Commencez avec un tube de microcentrifugation contenant une matrice extracellulaire riche en laminine ou lrECM. La laminine est un composant structurel présent en abondance dans le cerveau.

Gardez le tube sur de la glace pour éviter la polymérisation de l’IrECM.

Ajoutez des cellules tumorales cérébrales et mélangez soigneusement pour assurer une distribution uniforme des cellules.

Ensuite, transférez le mélange sur des moules en parafilm en formant des gouttelettes.

Incuber pour faciliter la polymérisation de la lrECM afin de former un échafaudage, imitant l’environnement naturel des cellules.

Maintenant, rincez les organoïdes solidifiés dans une boîte de Pétri contenant un milieu de culture, puis incuber.

Le milieu de culture fournit des nutriments essentiels et des facteurs de croissance, favorisant la division cellulaire.

Au sein de l’organoïde, les cellules s’auto-organisent en migrant et en envahissant.

Après l’incubation, inclinez la plaque pour déposer les organoïdes.

Retirez délicatement l’excédent de milieu et ajoutez-y du milieu frais.

Incuber en secouant doucement.

Cela répartit uniformément les nutriments et améliore la croissance des organoïdes.

Pour fabriquer des organoïdes à partir d’une suspension unicellulaire, ajoutez une quantité appropriée de matrice extracellulaire riche en laminine ou lrECM dans un petit tube à centrifuger dans un seau à glace ou un bloc froid.

Préparez un mélange de cellules contenant 20 000 cellules par organoïde. Mélangez soigneusement le mélange de suspension cellulaire lrECM pour éviter de déposer les cellules, ce qui entraînerait une formation d’organoïdes non uniforme. Ensuite, pipetez soigneusement 20 microlitres du mélange sur un moule en parafilm pour former une gouttelette semblable à une perle. Assurez-vous de refroidir la pointe de la pipette tous les deux à trois organoïdes pour éviter la polymérisation de lrECM.
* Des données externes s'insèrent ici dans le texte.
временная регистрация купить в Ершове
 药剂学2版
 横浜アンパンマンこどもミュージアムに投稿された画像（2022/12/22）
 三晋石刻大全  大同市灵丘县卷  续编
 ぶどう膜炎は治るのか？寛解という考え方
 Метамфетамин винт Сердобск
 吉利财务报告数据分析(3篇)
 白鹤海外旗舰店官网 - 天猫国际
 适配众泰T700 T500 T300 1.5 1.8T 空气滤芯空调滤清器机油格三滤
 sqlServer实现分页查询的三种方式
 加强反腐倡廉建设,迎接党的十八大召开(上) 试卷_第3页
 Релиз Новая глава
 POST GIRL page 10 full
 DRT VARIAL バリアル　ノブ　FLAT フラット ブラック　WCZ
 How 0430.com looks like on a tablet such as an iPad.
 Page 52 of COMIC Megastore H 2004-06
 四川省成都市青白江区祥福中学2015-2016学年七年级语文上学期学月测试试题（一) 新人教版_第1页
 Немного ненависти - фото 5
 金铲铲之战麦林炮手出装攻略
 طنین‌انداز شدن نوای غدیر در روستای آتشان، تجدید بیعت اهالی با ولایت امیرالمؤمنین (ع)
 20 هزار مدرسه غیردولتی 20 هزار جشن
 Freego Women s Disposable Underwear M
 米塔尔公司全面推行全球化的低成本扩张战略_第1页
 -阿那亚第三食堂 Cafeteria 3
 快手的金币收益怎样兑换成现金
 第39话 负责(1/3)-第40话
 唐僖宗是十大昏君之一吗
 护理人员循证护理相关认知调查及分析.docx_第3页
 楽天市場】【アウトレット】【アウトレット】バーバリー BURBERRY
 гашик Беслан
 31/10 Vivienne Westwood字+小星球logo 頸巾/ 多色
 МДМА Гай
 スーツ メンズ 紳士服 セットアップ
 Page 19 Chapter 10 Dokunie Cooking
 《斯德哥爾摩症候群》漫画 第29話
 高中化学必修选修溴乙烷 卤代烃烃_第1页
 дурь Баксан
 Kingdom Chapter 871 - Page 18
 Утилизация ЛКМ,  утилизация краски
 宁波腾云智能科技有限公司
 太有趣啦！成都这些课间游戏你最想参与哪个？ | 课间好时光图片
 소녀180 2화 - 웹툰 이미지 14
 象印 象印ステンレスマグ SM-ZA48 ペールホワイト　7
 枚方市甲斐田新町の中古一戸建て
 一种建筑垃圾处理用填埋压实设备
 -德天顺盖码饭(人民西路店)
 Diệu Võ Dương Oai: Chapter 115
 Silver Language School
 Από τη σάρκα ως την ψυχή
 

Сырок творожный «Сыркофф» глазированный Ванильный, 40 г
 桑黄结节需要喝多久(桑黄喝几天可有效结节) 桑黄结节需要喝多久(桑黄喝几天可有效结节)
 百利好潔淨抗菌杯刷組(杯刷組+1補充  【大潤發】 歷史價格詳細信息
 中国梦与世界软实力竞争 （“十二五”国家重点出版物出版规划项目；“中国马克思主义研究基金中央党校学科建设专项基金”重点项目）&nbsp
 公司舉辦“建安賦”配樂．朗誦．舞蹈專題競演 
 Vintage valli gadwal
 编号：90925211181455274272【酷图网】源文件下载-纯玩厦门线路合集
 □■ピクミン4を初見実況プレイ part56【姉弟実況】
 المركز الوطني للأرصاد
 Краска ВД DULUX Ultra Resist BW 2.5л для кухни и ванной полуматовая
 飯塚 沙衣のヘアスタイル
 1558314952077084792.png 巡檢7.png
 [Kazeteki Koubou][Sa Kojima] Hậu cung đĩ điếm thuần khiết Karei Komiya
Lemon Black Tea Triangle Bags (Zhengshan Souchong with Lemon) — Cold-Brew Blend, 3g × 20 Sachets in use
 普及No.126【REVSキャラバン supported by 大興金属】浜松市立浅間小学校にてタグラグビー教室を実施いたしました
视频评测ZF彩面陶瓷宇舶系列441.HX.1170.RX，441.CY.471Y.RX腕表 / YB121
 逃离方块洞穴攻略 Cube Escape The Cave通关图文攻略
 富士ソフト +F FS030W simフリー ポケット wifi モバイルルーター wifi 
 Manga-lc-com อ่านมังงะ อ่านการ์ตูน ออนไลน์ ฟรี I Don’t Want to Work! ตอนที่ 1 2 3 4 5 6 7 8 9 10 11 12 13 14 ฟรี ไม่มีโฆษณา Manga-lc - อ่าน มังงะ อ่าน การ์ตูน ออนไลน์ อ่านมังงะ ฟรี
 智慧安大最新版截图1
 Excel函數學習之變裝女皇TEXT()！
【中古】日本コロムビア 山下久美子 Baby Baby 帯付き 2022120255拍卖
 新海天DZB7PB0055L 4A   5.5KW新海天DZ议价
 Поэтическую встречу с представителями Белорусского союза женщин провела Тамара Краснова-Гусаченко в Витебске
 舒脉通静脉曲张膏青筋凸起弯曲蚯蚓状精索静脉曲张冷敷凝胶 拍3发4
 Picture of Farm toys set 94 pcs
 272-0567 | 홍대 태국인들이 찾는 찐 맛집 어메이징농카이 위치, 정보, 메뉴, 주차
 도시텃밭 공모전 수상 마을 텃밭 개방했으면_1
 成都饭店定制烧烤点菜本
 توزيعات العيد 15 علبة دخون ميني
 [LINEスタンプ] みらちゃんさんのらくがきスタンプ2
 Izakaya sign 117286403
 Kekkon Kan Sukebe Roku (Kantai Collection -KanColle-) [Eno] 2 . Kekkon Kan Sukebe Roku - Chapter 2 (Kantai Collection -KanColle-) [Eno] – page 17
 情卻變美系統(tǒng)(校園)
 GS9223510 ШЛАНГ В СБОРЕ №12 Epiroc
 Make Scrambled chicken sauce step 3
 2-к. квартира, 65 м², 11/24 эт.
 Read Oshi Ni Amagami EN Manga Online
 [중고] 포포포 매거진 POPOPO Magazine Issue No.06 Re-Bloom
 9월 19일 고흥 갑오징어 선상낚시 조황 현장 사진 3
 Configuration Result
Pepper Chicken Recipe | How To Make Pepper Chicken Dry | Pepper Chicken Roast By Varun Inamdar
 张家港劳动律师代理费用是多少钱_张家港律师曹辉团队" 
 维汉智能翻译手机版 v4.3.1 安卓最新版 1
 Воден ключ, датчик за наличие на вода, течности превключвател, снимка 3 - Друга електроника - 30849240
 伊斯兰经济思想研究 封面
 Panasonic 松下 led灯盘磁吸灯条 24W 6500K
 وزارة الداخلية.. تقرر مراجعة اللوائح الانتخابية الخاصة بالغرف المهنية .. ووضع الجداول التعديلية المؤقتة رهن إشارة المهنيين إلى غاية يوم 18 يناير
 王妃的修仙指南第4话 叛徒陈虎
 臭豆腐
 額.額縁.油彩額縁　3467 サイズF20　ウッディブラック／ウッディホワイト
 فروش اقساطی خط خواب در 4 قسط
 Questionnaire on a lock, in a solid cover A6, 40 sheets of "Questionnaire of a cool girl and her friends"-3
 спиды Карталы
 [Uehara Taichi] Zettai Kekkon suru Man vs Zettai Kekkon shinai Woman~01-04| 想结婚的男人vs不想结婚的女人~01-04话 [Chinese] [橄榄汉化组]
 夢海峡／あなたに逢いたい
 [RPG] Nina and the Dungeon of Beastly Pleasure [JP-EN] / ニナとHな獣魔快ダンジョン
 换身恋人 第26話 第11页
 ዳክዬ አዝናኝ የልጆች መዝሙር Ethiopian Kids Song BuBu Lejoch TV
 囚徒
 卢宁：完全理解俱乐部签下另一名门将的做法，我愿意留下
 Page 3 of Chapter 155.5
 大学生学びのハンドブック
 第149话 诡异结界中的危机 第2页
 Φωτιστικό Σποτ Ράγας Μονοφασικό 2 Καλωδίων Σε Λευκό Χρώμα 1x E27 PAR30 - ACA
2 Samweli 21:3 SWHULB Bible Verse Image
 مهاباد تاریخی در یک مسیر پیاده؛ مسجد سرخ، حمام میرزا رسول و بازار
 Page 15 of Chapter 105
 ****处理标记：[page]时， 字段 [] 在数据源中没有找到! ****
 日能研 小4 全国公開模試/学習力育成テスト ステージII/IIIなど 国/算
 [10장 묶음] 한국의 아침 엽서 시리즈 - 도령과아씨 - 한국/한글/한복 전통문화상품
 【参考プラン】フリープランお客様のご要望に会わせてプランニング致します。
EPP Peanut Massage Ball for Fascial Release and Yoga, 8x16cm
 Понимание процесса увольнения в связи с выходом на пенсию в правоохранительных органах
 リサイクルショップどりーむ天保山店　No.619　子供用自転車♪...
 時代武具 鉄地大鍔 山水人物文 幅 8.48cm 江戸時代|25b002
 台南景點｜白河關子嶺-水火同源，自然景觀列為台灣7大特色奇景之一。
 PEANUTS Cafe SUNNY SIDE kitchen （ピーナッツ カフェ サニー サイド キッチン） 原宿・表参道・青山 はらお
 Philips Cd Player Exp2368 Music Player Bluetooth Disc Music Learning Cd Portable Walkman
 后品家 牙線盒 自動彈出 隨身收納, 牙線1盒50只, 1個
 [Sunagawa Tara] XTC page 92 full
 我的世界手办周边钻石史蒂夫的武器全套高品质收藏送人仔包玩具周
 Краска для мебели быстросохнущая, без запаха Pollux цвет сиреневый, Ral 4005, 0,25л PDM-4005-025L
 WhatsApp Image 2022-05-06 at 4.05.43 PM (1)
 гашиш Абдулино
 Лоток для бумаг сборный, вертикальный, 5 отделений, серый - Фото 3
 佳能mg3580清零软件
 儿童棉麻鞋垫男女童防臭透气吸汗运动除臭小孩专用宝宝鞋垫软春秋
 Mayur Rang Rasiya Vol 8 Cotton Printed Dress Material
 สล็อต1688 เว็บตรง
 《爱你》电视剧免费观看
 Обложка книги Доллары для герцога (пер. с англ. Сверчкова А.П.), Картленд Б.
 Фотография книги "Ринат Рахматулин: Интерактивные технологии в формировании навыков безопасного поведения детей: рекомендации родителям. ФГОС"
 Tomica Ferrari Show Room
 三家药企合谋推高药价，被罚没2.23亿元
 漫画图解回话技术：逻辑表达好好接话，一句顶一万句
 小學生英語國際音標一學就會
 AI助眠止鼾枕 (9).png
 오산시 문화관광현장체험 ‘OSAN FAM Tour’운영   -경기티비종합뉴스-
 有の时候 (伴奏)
Une fois que le nombre souhaité d’organoïdes est pipeté sur le moule en parafilm dans une plaque de culture de 10 centimètres, incubez les organoïdes à 37 degrés Celsius pendant 1 à 2 heures dans un incubateur de culture cellulaire. Une fois les organoïdes solidifiés, rincez doucement les organoïdes du moule de parafilm avec un milieu NBMC à l’aide d’une pointe P1000, et rassemblez-les dans une nouvelle plaque de culture de 10 centimètres contenant 20 millilitres de NBMC. Placez la plaque de culture dans un incubateur sans secouer pendant 4 jours.

Après 4 jours, replacez le support dans la plaque. Pour ce faire, placez un morceau de papier foncé sous la plaque de culture cellulaire. Inclinez la plaque et attendez 20 secondes. Une fois que les organoïdes se déposent complètement au fond du plat, retirez lentement le support à l’aide d’une pipette en verre à grande ouverture.

Après avoir ajouté de nouveaux milieux, placez la plaque dans l’incubateur sur un agitateur orbital à 80 tr/min, et changez ensuite de média tous les 2 à 3 jours.